A statistically significant difference (p < 0.0001) was found between the patient and control groups. In the patient group, 23% indicated no heart rate variability; 34% showed low variability; 25% showed medium variability and only 18% indicated high (normal) variability. In the control group, only 3.2% showed no variability; 9.7% showed low variability; 32.3% fell in the medium-variability category, while 54.8% had high variability.

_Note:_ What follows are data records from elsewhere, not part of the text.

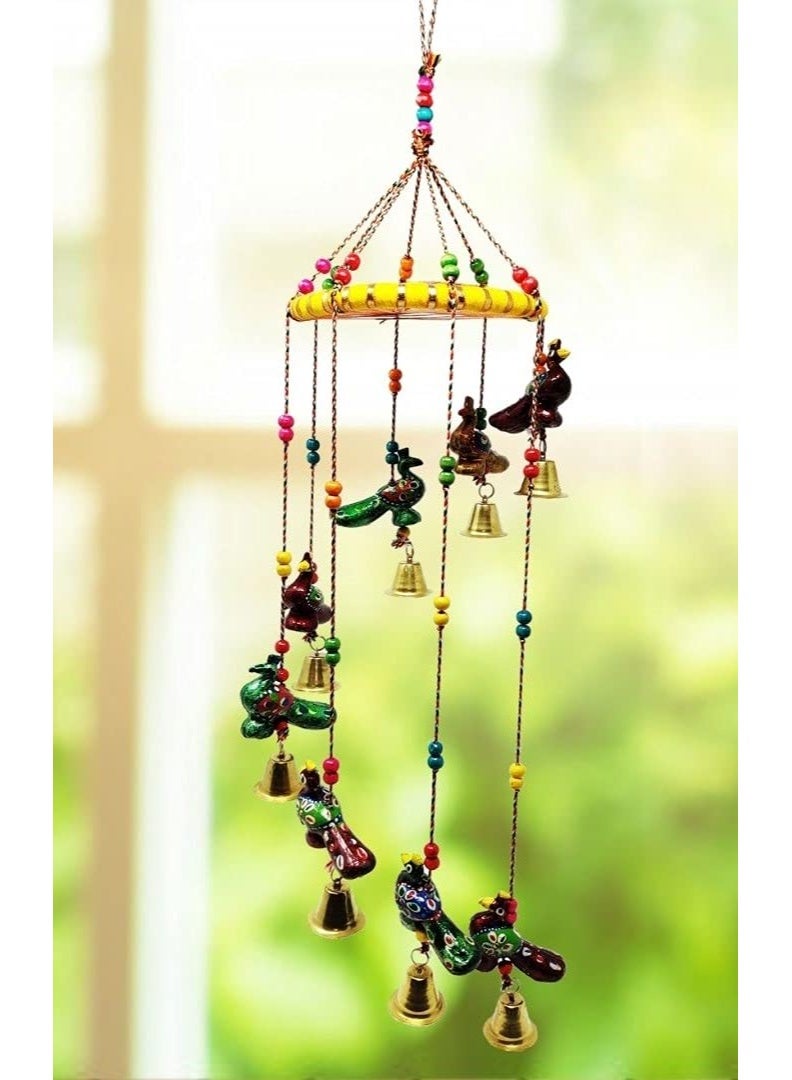 JH Gallery Plastic Handcrafted Recycled Material Peacock Rajasthani Door/Wall Hanging Decorative Showpiece (Blue, H -25 Inches, W -5.5 Inches) - Image 1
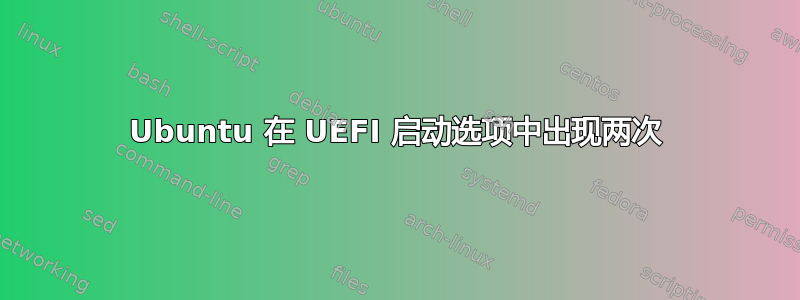 Ubuntu 在 UEFI 启动选项中出现两次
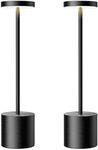 SAKRINGT Cordless Table Lamps Rechargeable,6000mAh Portable Battery Operated LED Table Light for Restaurant Outdoor 2 Pack Black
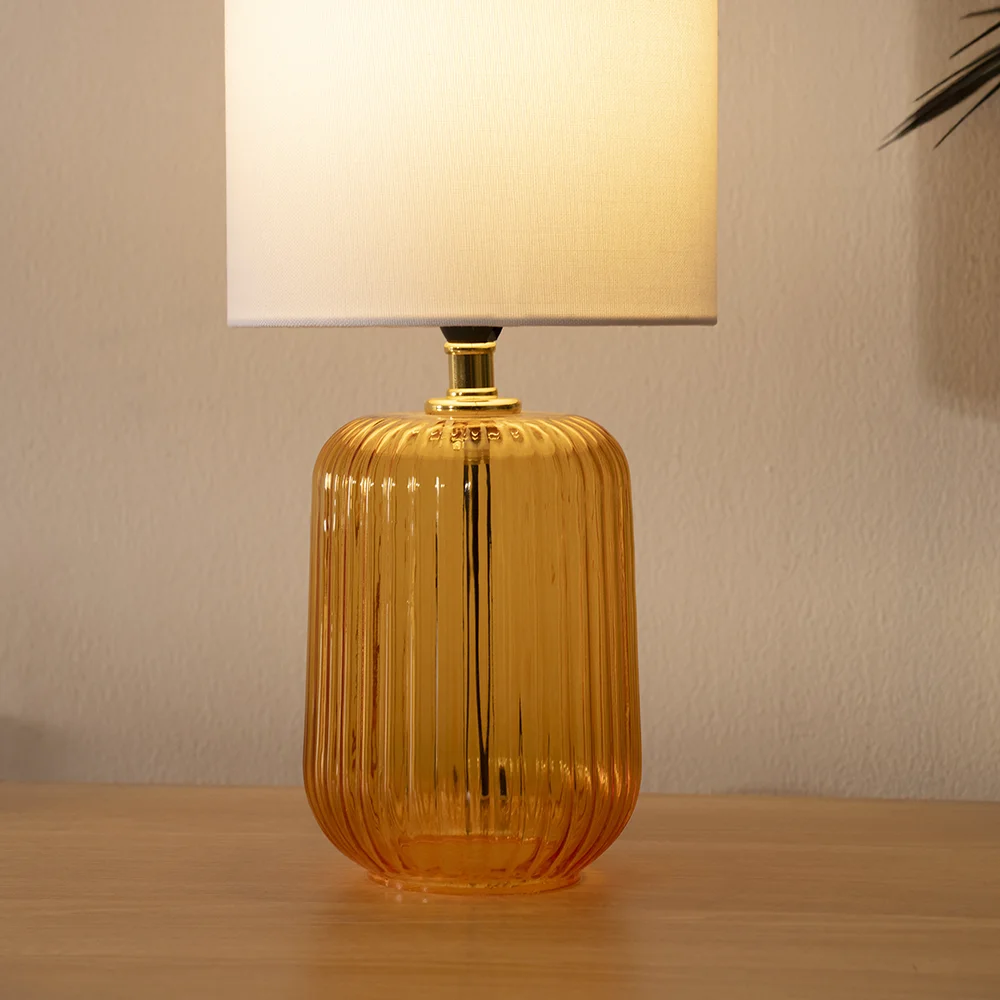 Tria Glass Table Lamp -Amber -36.5cm thumbnail 4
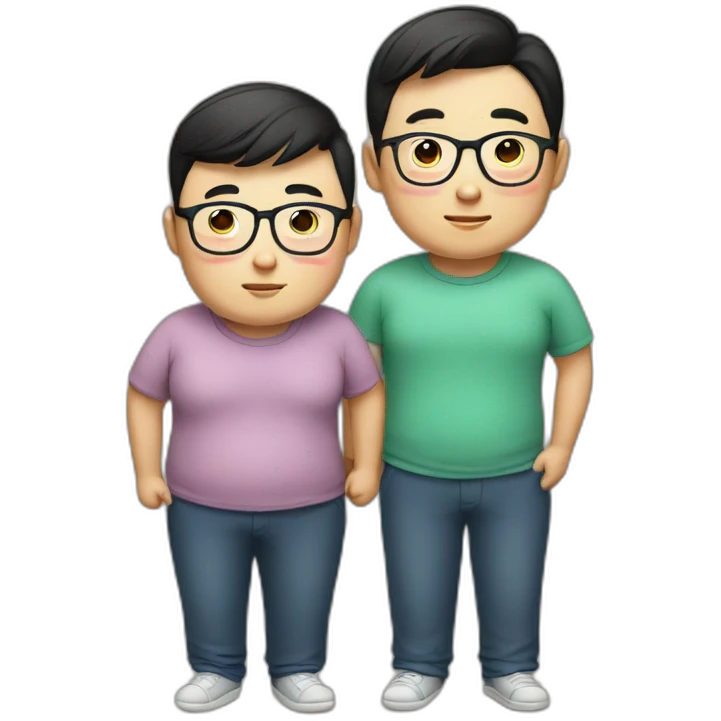 Chinese chubby gay couple with glasses emoji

Variability in the patient group centred around the medium-, low- and no-variability categories, while variability in the control group centred around the medium- and high-variability categories. Therefore, according to the RR variability (lead V6), the psychiatric patient group represented a significantly lower HRV category than the control group, thus indicating an increased risk of coronary heart disease and arrhythmias. This is in correspondence with results by Gormann et al. and Hughes et al.14,26

The comparison of dysrhythmogenic indicators between the patients with only psychiatric illness (group C) and those with psychiatric as well as physical illness (group D) indicated no statistically significant differences (p > 0.05). The values obtained are shown in Table 3. The implications are therefore that the difference in dysrhythmogenic potential cannot summarily be ascribed to underlying physical disorders.

Conclusions

In this study, the potential dysrhythmogenic potential was assessed by means of heart rate variability, JTc times and JTc dispersion. The results support the indications of previous research, among others the INTERHEART study,13-17,26,27,31 that psychiatric patients may have an increased dysrhythmogenic potential. This is in line with the assumption that an increased dysrhythmogenic potential in psychiatric patients can, theoretically, be predicted since (1) negative emotions can influence cardiac functioning through effects on the autonomic nervous system; (2) several medications prescribed to psychiatric patients influence cardiac function; (3) there is published confirmation of a co-morbidity between depression and cardiovascular disorders; and (4) there is evidence that negative mood states may be a predictor of mortality in patients already diagnosed with coronary heart disease.9,10 The potential of an augmented risk for cardiovascular incidents in psychiatric patients should be considered when treating such patients.